## GOAL OF THE EXERCISE
Write out, word for word, every line in the data below from the one containing "月岚 在逃公主送福平安新中式国风招财纳福前程似锦平安喜乐财源广进编织红绳素圈 鸡血藤" to the one containing "FaithHeart Collana Cuore", both of them included.

## SOURCE DATA
++++++++

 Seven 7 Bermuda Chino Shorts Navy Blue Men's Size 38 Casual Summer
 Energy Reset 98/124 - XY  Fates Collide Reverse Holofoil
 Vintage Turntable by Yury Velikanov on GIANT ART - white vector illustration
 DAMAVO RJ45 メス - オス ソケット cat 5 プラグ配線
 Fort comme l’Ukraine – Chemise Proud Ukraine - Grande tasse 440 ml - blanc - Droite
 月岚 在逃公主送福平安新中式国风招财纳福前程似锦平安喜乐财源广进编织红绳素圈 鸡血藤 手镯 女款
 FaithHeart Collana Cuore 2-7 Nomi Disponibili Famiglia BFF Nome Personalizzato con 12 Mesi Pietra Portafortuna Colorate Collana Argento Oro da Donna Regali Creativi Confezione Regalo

++++++++

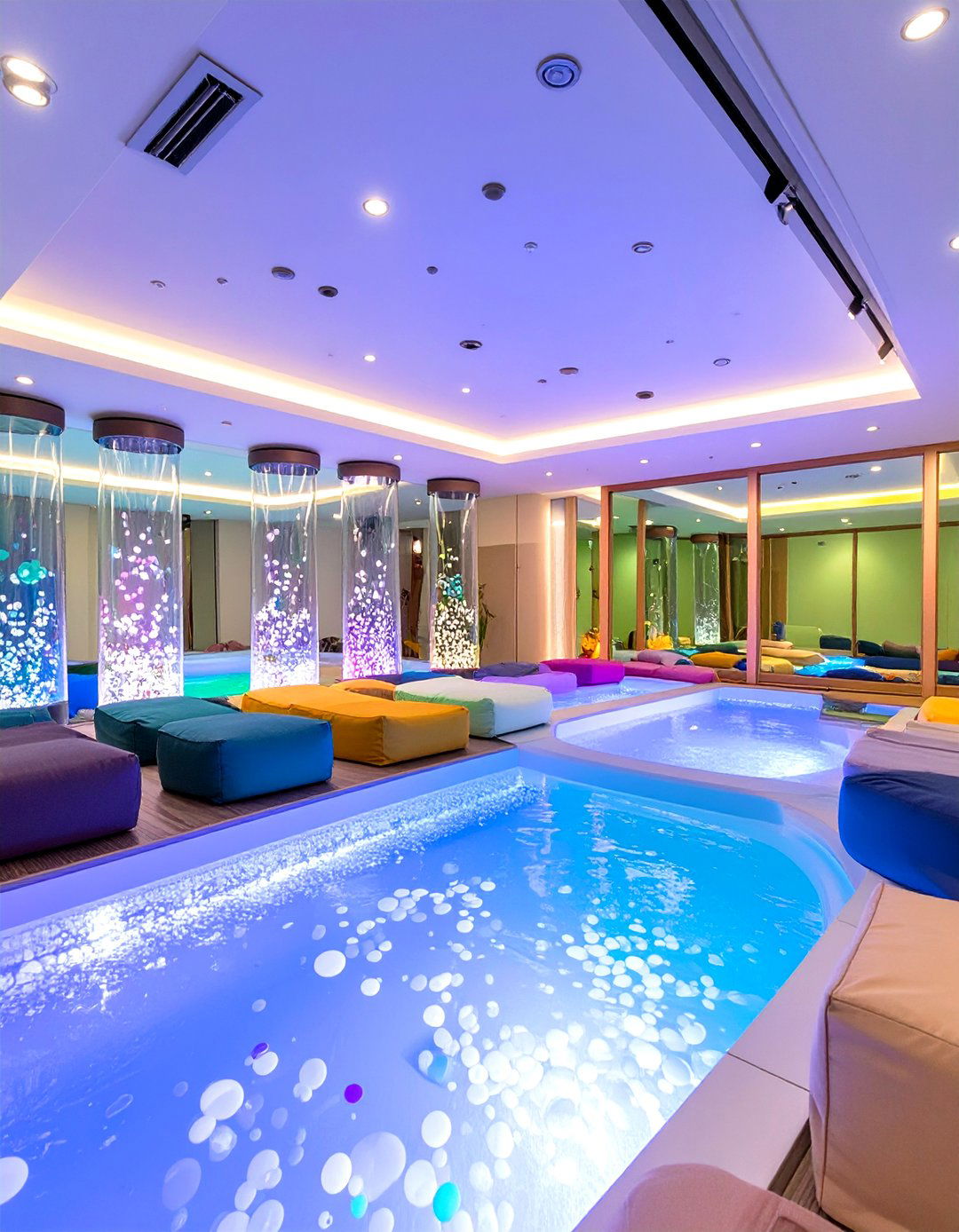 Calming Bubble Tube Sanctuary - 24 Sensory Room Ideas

++++++++

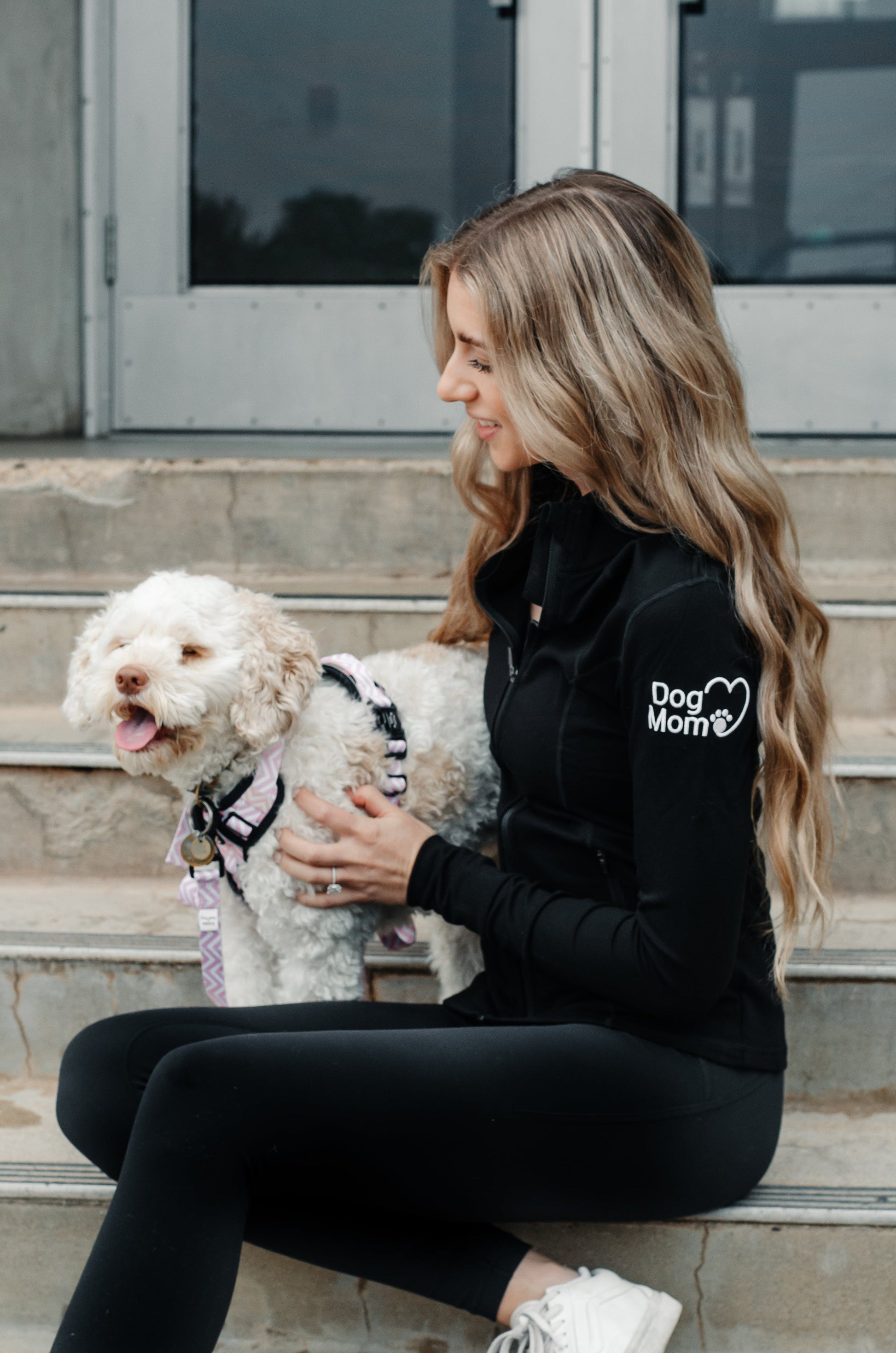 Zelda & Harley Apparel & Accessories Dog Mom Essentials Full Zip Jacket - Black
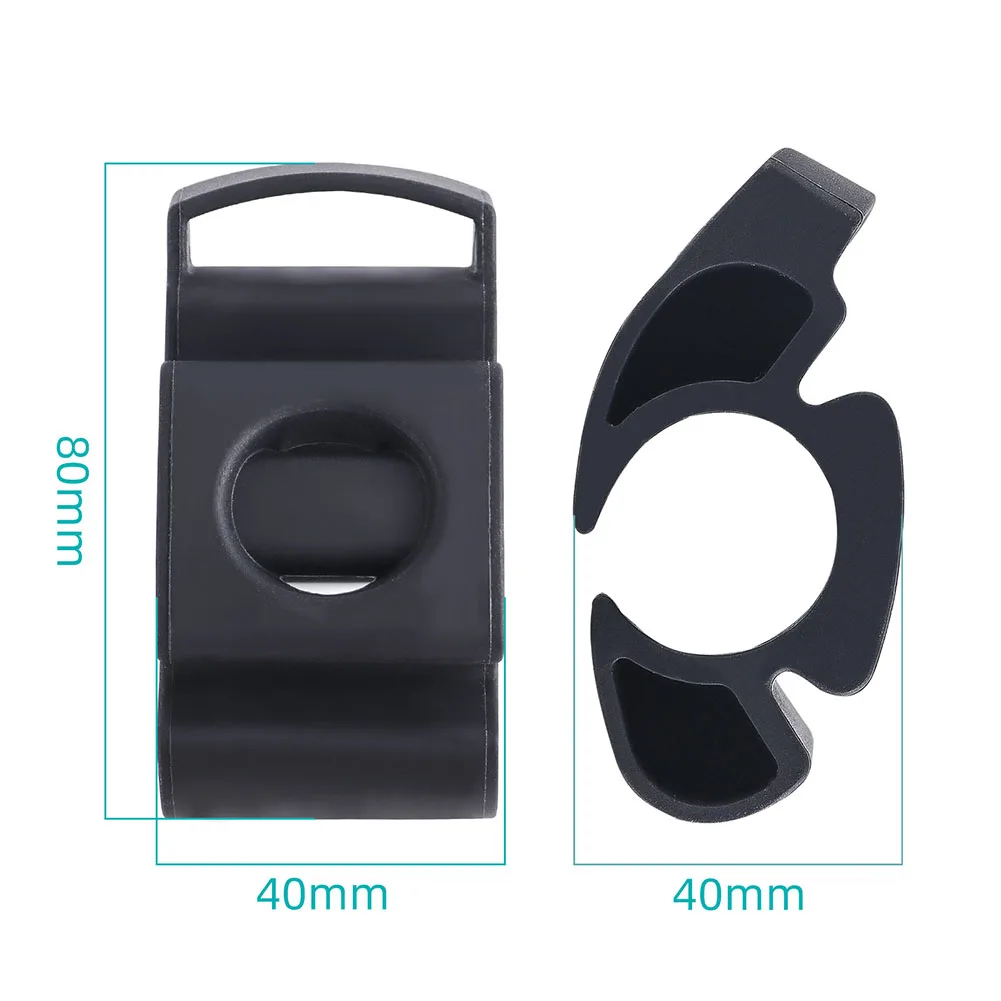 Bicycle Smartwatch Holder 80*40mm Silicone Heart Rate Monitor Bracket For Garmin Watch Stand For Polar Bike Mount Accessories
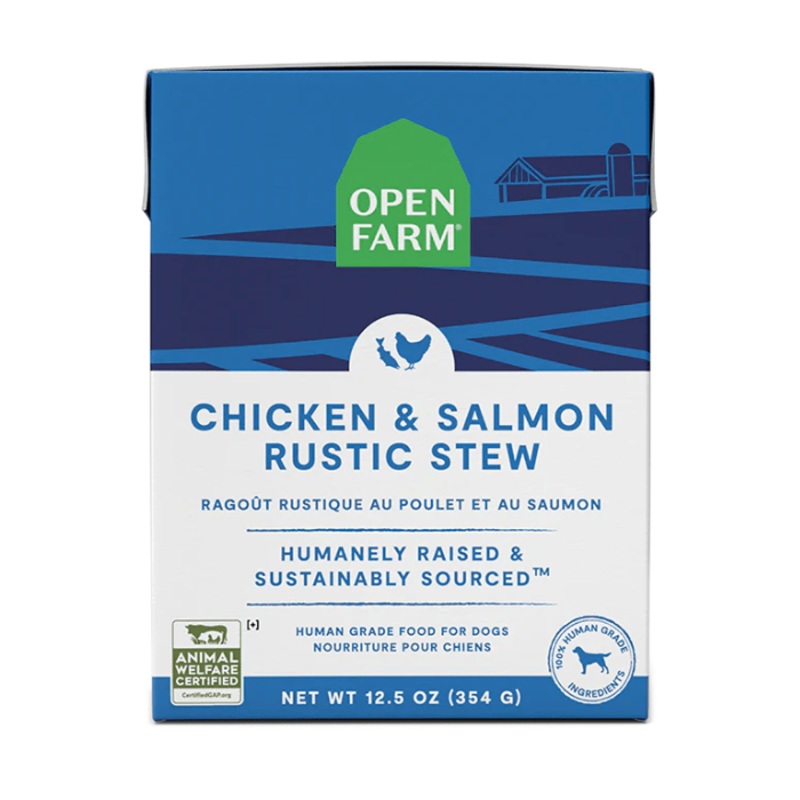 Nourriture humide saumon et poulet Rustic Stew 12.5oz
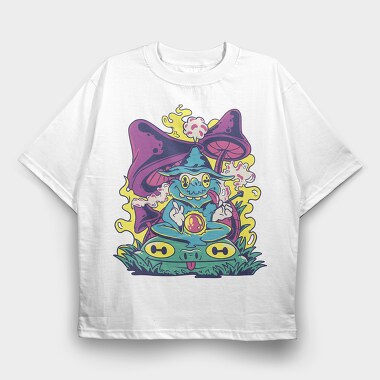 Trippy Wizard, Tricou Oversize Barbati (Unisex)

++++++++

## EXPECTED OUTPUT
 月岚 在逃公主送福平安新中式国风招财纳福前程似锦平安喜乐财源广进编织红绳素圈 鸡血藤 手镯 女款
 FaithHeart Collana Cuore 2-7 Nomi Disponibili Famiglia BFF Nome Personalizzato con 12 Mesi Pietra Portafortuna Colorate Collana Argento Oro da Donna Regali Creativi Confezione Regalo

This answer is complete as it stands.